Suite au suicide ces derniers mois de cinq infirmiers, Emmanuel Hirsch revient sur l’évolution de « l’ordre gestionnaire qui sévit à l’hôpital », et qui affecte « l’engagement des professionnels de santé ». Il réclame « une concertation susceptible de réhabiliter et de respecter les fondements de l’engagement soignant », regrettant que « la technicité du soin et des missions d’accompagnement semble, dans bien des circonstances, primer sur leur humanité.

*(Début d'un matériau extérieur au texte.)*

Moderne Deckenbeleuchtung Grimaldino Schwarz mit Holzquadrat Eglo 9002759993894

La disposition à l’égard des personnes est reniée au bénéfice du temps consacré à la mise en œuvre des procédures et des protocoles ». Au nom de l’efficacité, des soignants se sentent « mis en cause dans leurs valeurs propres, leurs aptitudes, leurs qualifications ».

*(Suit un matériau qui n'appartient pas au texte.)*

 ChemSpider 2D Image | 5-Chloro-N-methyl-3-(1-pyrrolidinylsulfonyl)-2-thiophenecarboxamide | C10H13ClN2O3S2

Face à une déshumanisation de la fonction de soignant, Emmanuel Hisrch s’interroge : « Au moment où nombre d’efforts sont concentrés sur l’objectif de réduire les pratiques maltraitantes dans le champ du soin, ne serait-il pas paradoxal de refuser la moindre bienveillance précisément à ceux qui ont mission de l’incarner et de la mettre en œuvre auprès des personnes malades qui se confient à eux ? Il n’aura jamais été autant question dans le discours politique de « care », de sollicitude, de compassion, de souci témoigné à l’autre, au moment précisément où cette exigence éthique se trouve chaque jour davantage contestée par des décisions structurelles qui fragilisent des pratiques mises en cause dans leur identité et leurs missions sociales ».
Pour lui, il est aujourd’hui indispensable de « développer une authentique concertation publique », qui « permette à notre société de comprendre ce qui se joue de vital dans la relation de soin ».